# Snowmobiling on Golf Courses



## lmholmes11 (Nov 12, 2008)

Can anyone tell me if it is legal to snowmobile on Golf Courses in Michigan? I live in Kent Co. Thank you!


----------



## ESOX (Nov 20, 2000)

If you don't have the owners permission, it is tresspassing, hence illegal. Most golf courses won't give permission either.


----------



## 22 Chuck (Feb 2, 2006)

They cant afford thousand of repair every spring.


----------



## jondahighlander (Nov 10, 2008)

every sinlge golf course i know of would like to destroy snowmobiles due to the damage................jon


----------



## StiffNeckRob (Apr 19, 2007)

Don't give sledders a bad rap. 

Stay on the trail, if there is no trail and you don't have permission, don't go there. Period. 

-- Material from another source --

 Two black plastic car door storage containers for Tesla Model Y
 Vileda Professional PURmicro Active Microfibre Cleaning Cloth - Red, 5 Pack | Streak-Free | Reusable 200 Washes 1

It's getting way too hard to get permission to route trails in this state as it is...


----------



## NATTY BUMPO (May 12, 2001)

lmholmes11 said:


> Can anyone tell me if it is legal to snowmobile on Golf Courses in Michigan? I live in Kent Co. Thank you!


 NO. 

I've worked at several courses and ALL of them prosecuted the trespassing snowmobilers.


----------



## plugger (Aug 8, 2001)

Would it be ok to run mud trucks on the course if it was just in the spring before they opened?


----------



## RoadKillCafe (Sep 24, 2007)

lmholmes11 said:


> Can anyone tell me if it is legal to snowmobile on Golf Courses in Michigan? I live in Kent Co. Thank you!


Only if you like showering with Bubba in the county lockup (I'll take your snowmobile though)


----------



## wally-eye (Oct 27, 2004)

Trespassing ticket for sure....


----------